I haven't looked at the stats in a long time, but remember learning that the average for long standing couples was only a few times a month. I think it may be more frequent in the begining when you are young. Males hit there peak at 18 and females at around 38 btw (or so I've read), so there is a built in differential.

He sounds at the extreme end of the curve. It's BS that no man would accept less then multiple times a day.
 
Males hit there peak at 18 and females at around 38 btw (or so I've read), so there is a built in differential.

Yes, I thought men hit their peak younger too. But he is over 50 and he still wants a lot of sex.

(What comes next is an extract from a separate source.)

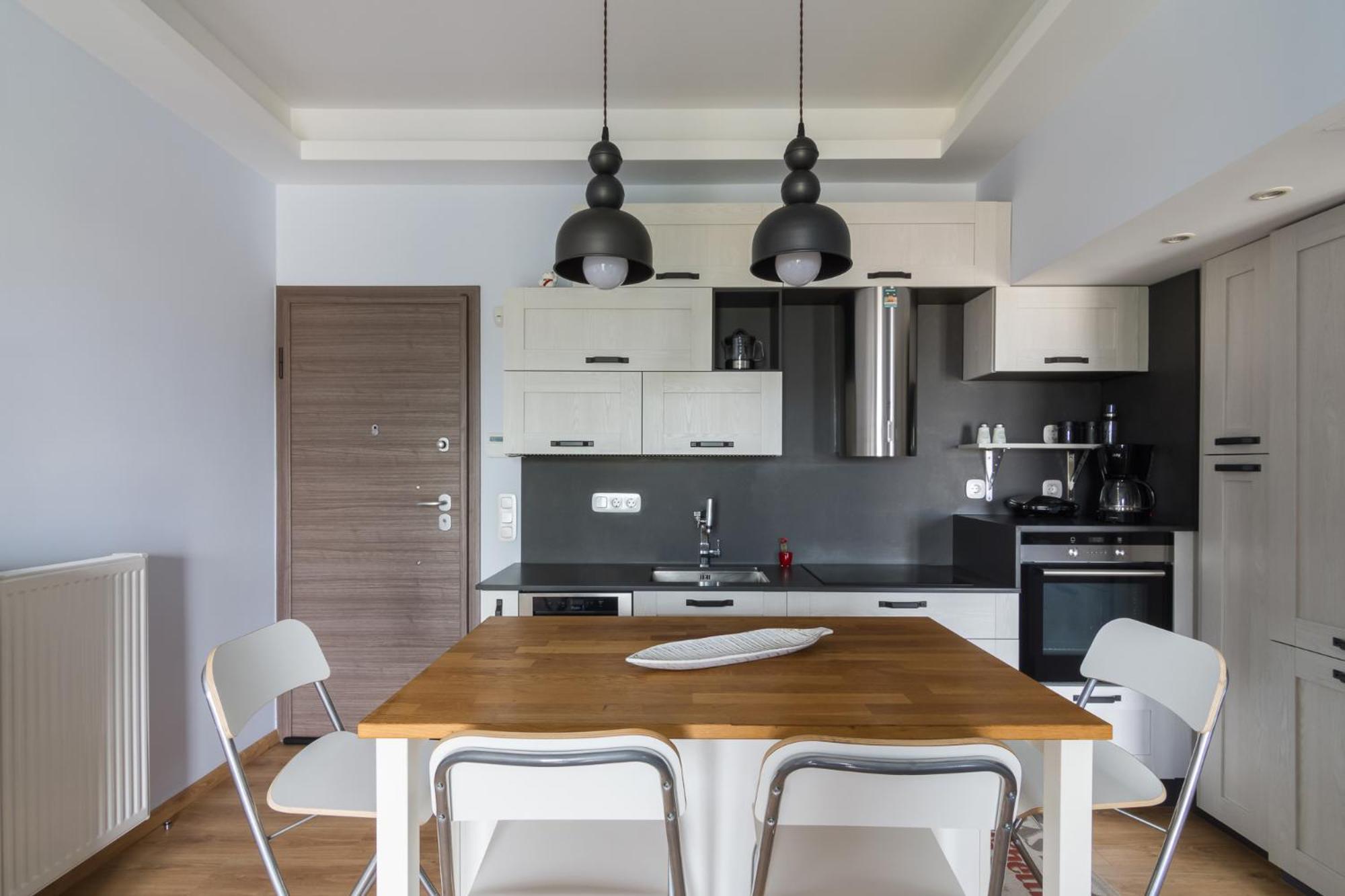 Stratum Apartment By Lobbysquare Атина Екстериор снимка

I'm 37 and just couldn't cope with all that sex.
 
Yes, I thought men hit their peak younger too. But he is over 50 and he still wants a lot of sex. I'm 37 and just couldn't cope with all that sex.

You may or may not know the answer to this, but does he watch a lot of porn?
 
You may or may not know the answer to this, but does he watch a lot of porn?

Actually yes, he talks about porn. He feels bad about watching it so often and he would like a real life girlfriend.
 
Actually yes, he talks about porn. He feels bad about watching it so often and he would like a real life girlfriend.

I thought so. Habitual porn watching can definitely be fuel that can contribute to a person's hyper-sexuality. That seems to be common sense to me.